• **Instructions for the task**:
Word for word, transcribe the lines below and drop the pictures.

• **Data**:
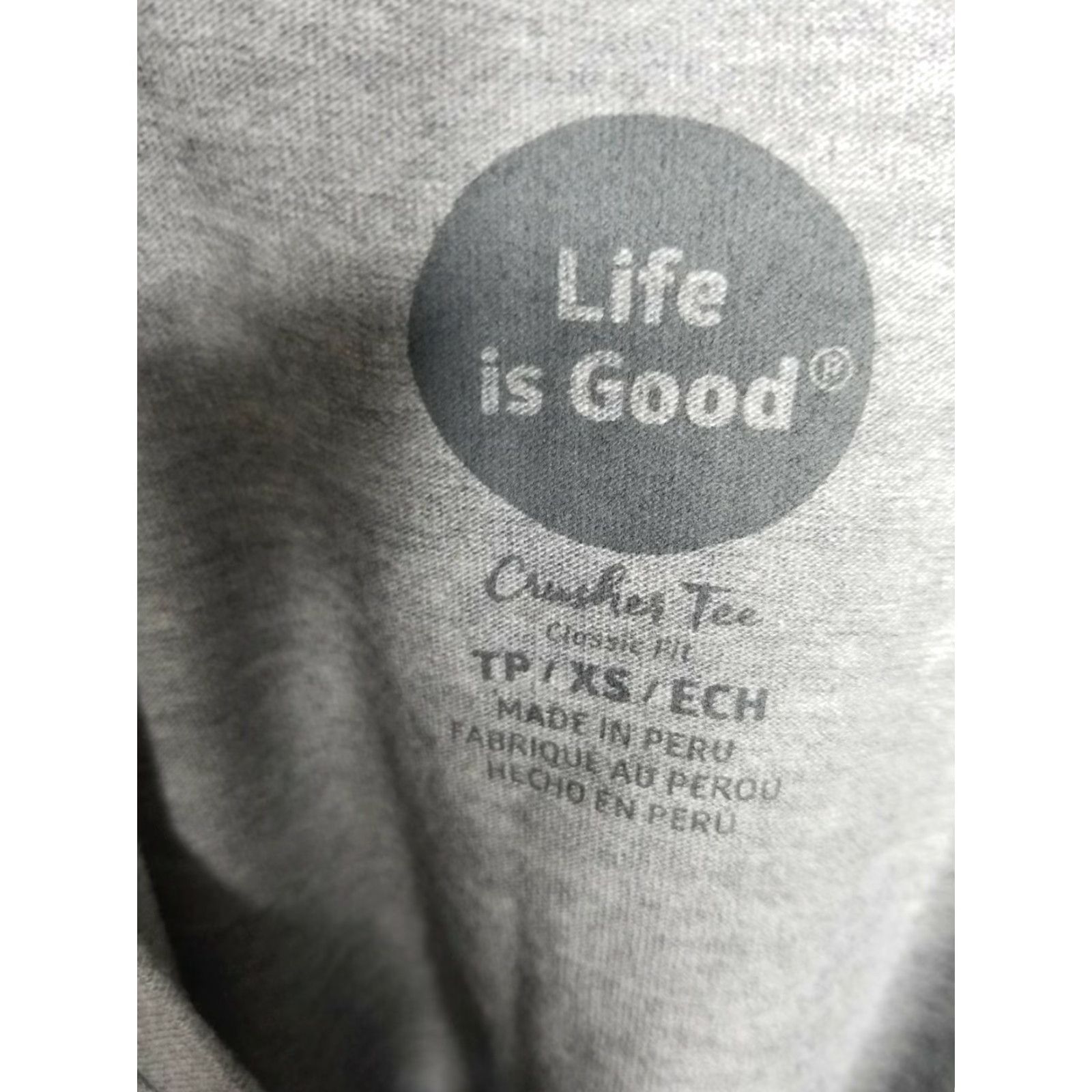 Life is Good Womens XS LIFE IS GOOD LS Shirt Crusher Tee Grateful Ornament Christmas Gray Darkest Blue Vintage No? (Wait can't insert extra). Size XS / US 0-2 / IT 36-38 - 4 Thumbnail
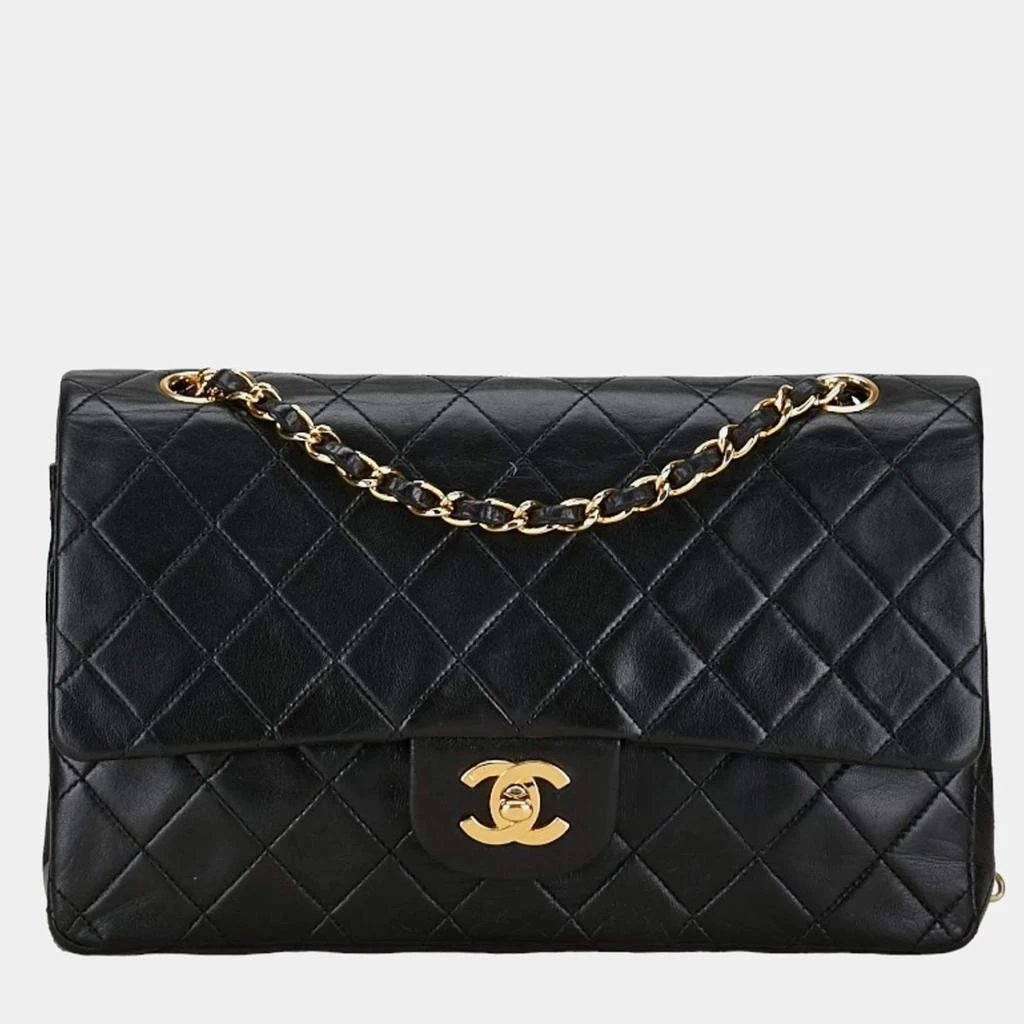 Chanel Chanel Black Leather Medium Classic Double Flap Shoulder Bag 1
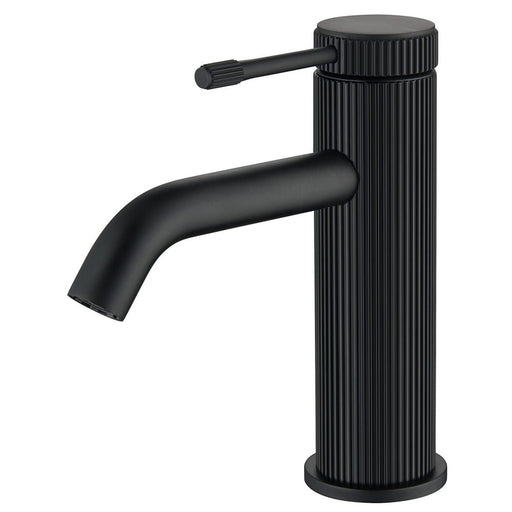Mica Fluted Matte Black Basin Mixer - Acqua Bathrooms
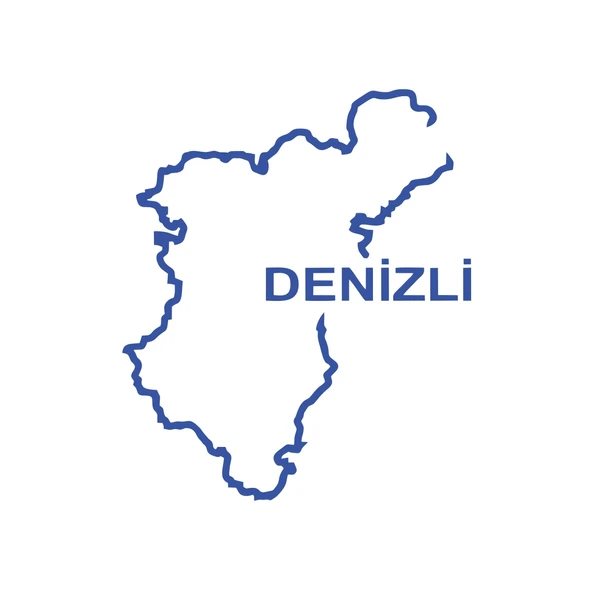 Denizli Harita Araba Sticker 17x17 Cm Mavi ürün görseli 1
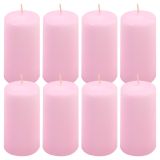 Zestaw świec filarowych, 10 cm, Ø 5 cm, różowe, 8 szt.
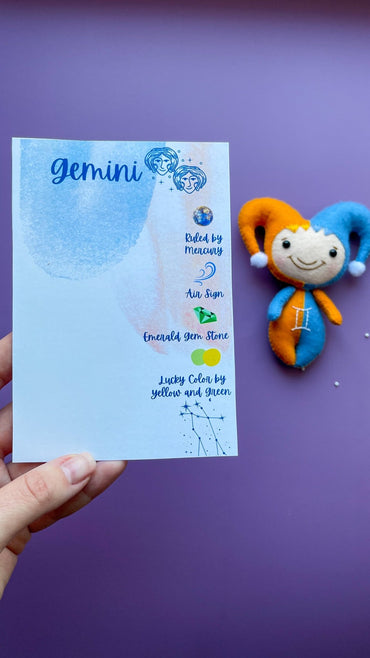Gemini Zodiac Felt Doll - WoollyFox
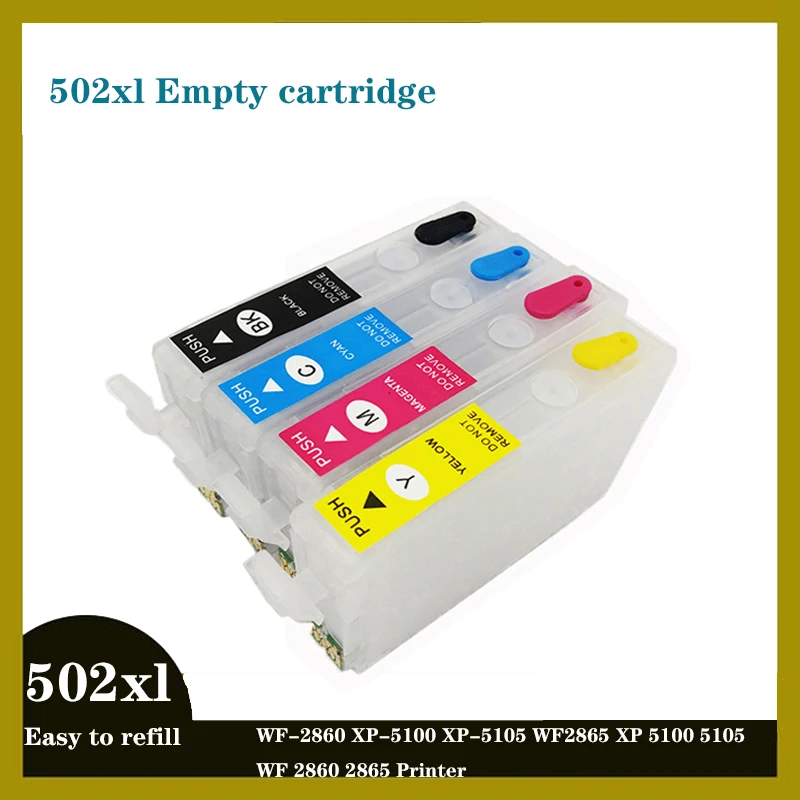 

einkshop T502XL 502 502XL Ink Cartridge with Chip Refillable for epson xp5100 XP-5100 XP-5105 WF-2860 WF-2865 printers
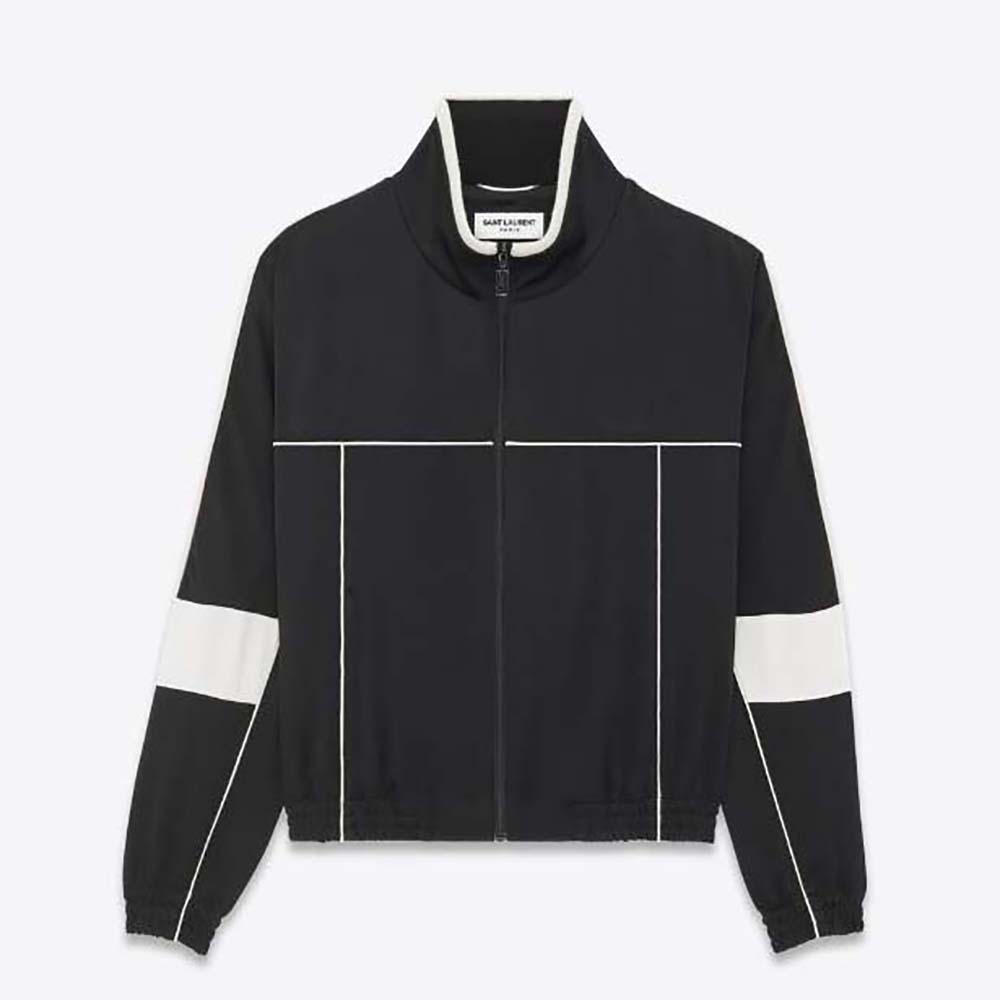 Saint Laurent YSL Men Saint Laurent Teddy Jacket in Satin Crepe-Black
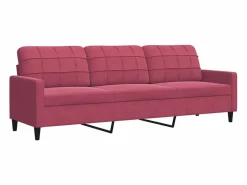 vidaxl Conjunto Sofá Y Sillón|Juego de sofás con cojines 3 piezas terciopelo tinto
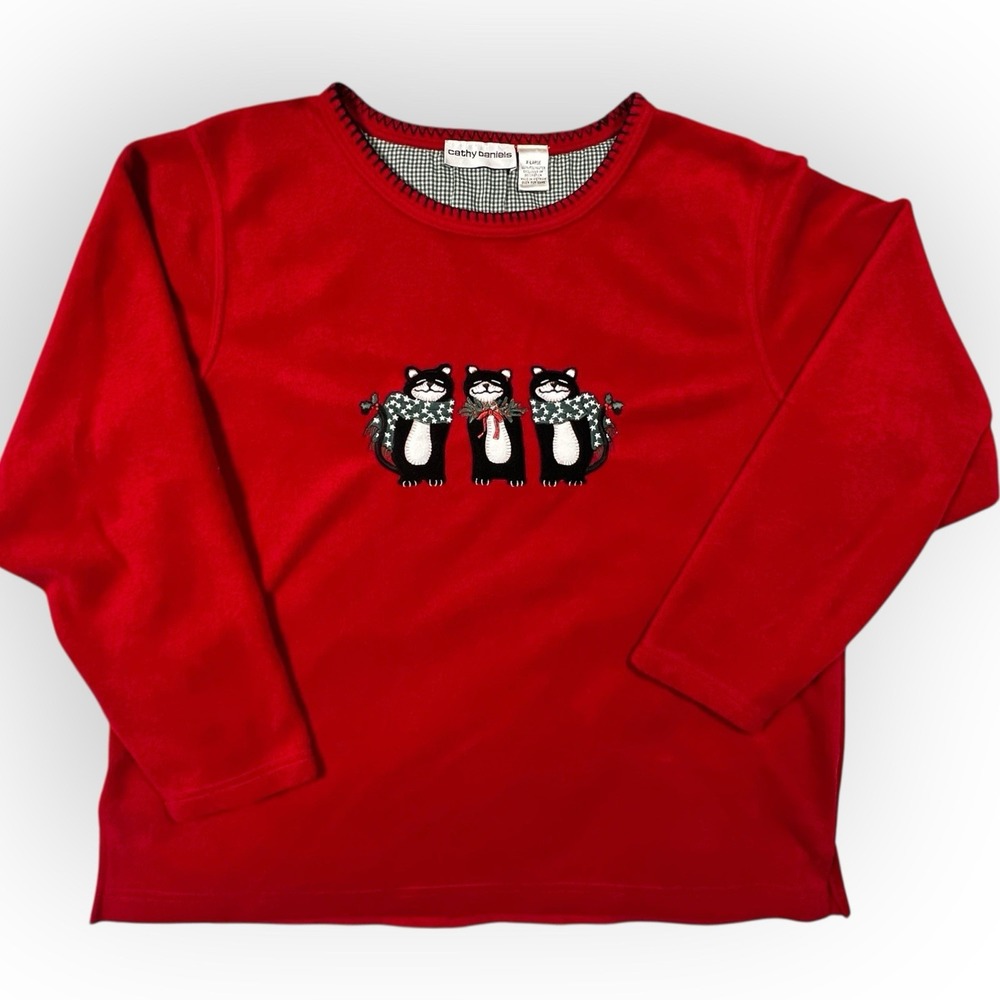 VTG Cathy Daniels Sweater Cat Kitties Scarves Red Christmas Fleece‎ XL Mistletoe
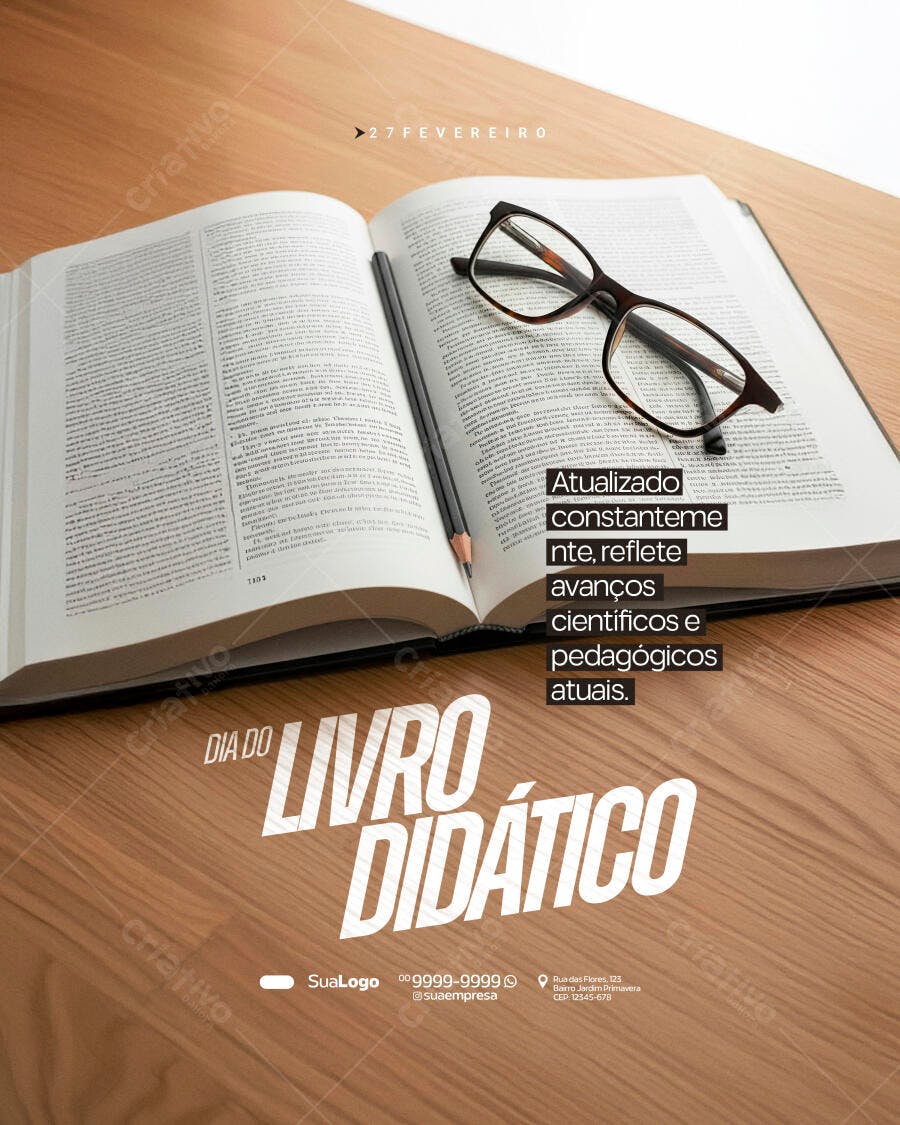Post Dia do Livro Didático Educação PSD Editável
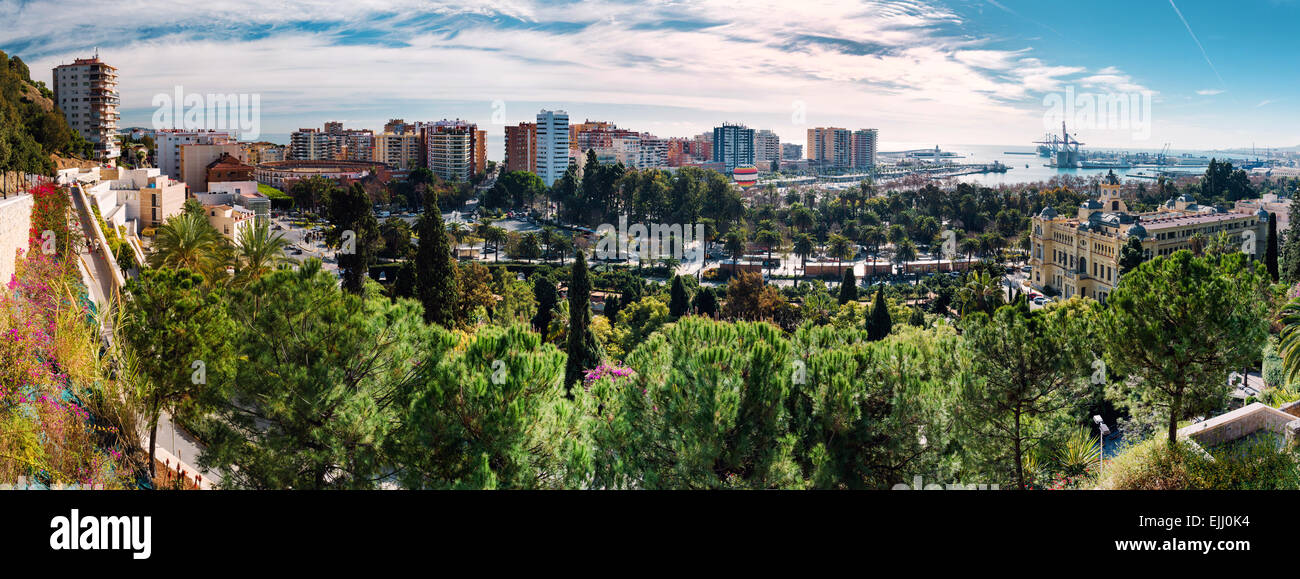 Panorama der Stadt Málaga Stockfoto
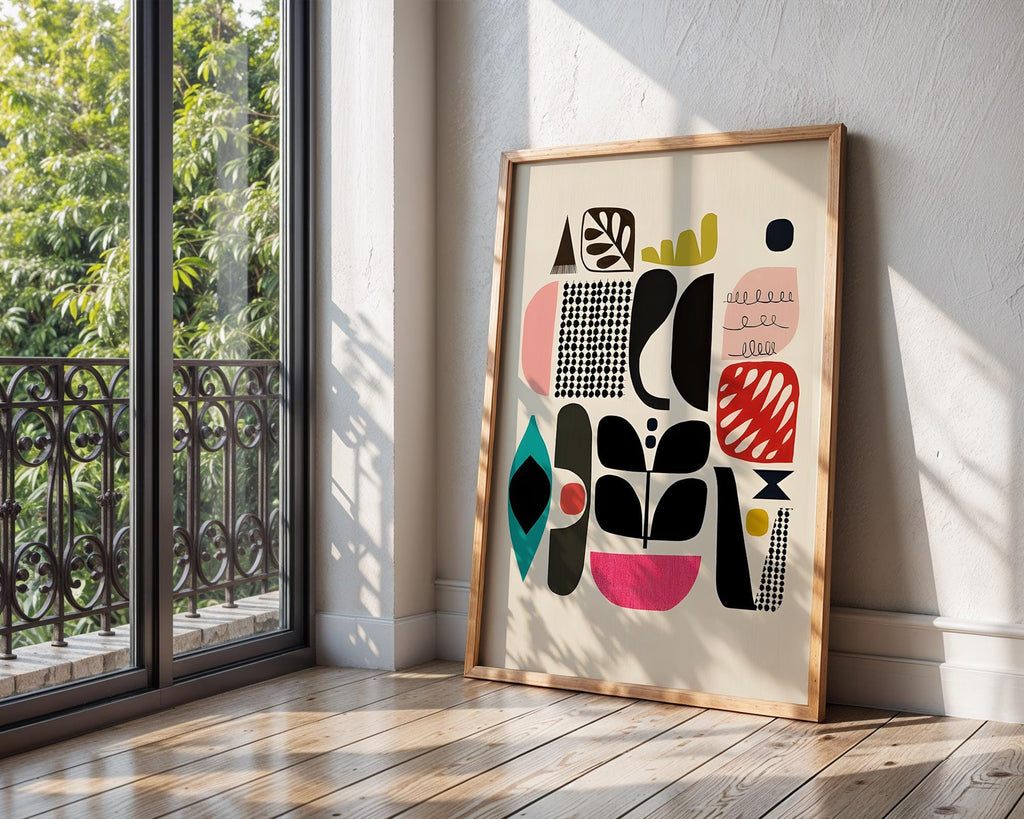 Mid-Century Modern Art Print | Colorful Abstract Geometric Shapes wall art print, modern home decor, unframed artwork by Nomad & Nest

• **Result of the exercise**:
 Life is Good Womens XS LIFE IS GOOD LS Shirt Crusher Tee Grateful Ornament Christmas Gray Darkest Blue Vintage No? (Wait can't insert extra). Size XS / US 0-2 / IT 36-38 - 4 Thumbnail
 Chanel Chanel Black Leather Medium Classic Double Flap Shoulder Bag 1
Mica Fluted Matte Black Basin Mixer - Acqua Bathrooms
 Denizli Harita Araba Sticker 17x17 Cm Mavi ürün görseli 1
 Zestaw świec filarowych, 10 cm, Ø 5 cm, różowe, 8 szt.
Gemini Zodiac Felt Doll - WoollyFox

einkshop T502XL 502 502XL Ink Cartridge with Chip Refillable for epson xp5100 XP-5100 XP-5105 WF-2860 WF-2865 printers
 Saint Laurent YSL Men Saint Laurent Teddy Jacket in Satin Crepe-Black
 vidaxl Conjunto Sofá Y Sillón|Juego de sofás con cojines 3 piezas terciopelo tinto
 VTG Cathy Daniels Sweater Cat Kitties Scarves Red Christmas Fleece‎ XL Mistletoe
Post Dia do Livro Didático Educação PSD Editável
 Panorama der Stadt Málaga Stockfoto
 Mid-Century Modern Art Print | Colorful Abstract Geometric Shapes wall art print, modern home decor, unframed artwork by Nomad & Nest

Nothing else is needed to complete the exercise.